Sept. 11, 2006 issue - It's 1938, says the liberal columnist Richard Cohen, evoking images of Hitler's armies massing in the face of an appeasing West. No, no, says Newt Gingrich, the Third World War has already begun. Neoconservatives, who can be counted on to escalate, argue that we're actually in the thick of the Fourth World War. The historian Bernard Lewis warned a few weeks ago that Iran's president, Mahmoud Ahmadinejad, could be planning to annihilate Israel (and perhaps even the United States) on Aug. 22 because it was a significant day for Muslims.
Can everyone please take a deep breath?
To review a bit of history: in 1938, Adolf Hitler launched what became a world war not merely because he was evil but because he was in complete control of the strongest country on the planet. At the time, Germany had the world's second largest industrial base and its mightiest army. (The American economy was bigger, but in 1938 its army was smaller than that of Finland.) This is not remotely comparable with the situation today.
Iran does not even rank among the top 20 economies in the world. The Pentagon's budget this year is more than double Iran's total gross domestic product ($181 billion, in official exchange-rate terms). America's annual defense outlay is more than 100 times Iran's. Tehran's nuclear ambitions are real and dangerous, but its program is not nearly as advanced as is often implied. Most serious estimates suggest that Iran would need between five and 10 years to achieve even a modest, North Korea-type, nuclear capacity.

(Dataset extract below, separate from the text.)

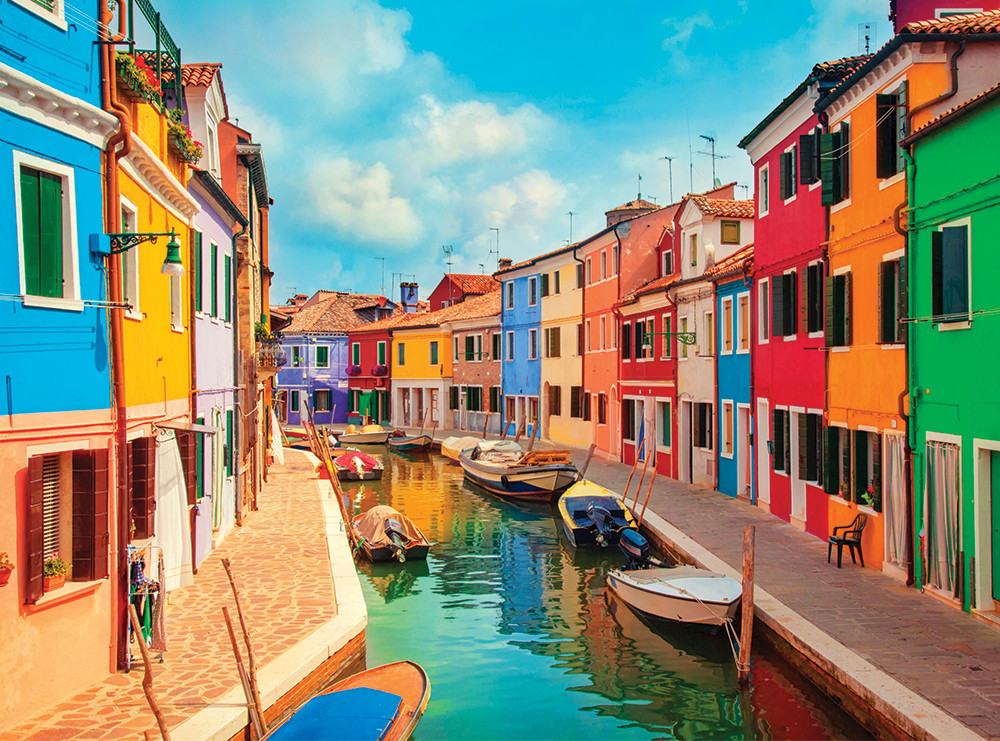 Venice Canal Travel Jigsaw Puzzle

Washington has a long habit of painting its enemies 10 feet tall—and crazy. During the cold war, many hawks argued that the Soviet Union could not be deterred because the Kremlin was evil and irrational. The great debate in the 1970s was between the CIA's wimpy estimate of Soviet military power and the neoconservatives' more nightmarish scenario. The reality turned out to be that even the CIA's lowest estimates of Soviet power were a gross exaggeration. During the 1990s, influential commentators and politicians—most prominently the Cox Commission—doubled the estimates of China's military spending, using largely bogus calculations. And then there was the case of Saddam Hussein's capabilities. Saddam, we were assured in 2003, had nuclear weapons—and because he was a madman, he would use them.
Meanwhile, Kofi Annan reports that the Iranians still want to talk, despite being publicly rebuffed by the Bush administration. The Iranian government refuses to halt its nuclear enrichment programs in advance of those discussions but the EU's foreign policy chief is willing to meet with Iran's senior nuclear negotiator, regardless.
Senior negotiators of the five permanent Security Council members plus Germany are expected to convene in Berlin on Thursday to discuss the results of the Solana-Larijani meeting.
[...]
The U.S. and its allies are increasing pressure for punishing a defiant Iran. But they agreed last week to give the Solana-Larijani talks a chance in an attempt to mollify Russia and China, which are reluctant to endorse harsh and swift U.N. punishment for Iran, a major trade partner.
So, while Bush is busy pounding his chest publicly to make it appear that he's totally opposed to negotiating with evil Iran, his government has been supporting secret talks behind the scenes. Can we now accuse him of appeasing those who support terrorists since he's been reminding anyone who would listen since the Israel/Lebanon war that Iran was behind Hezbollah's success?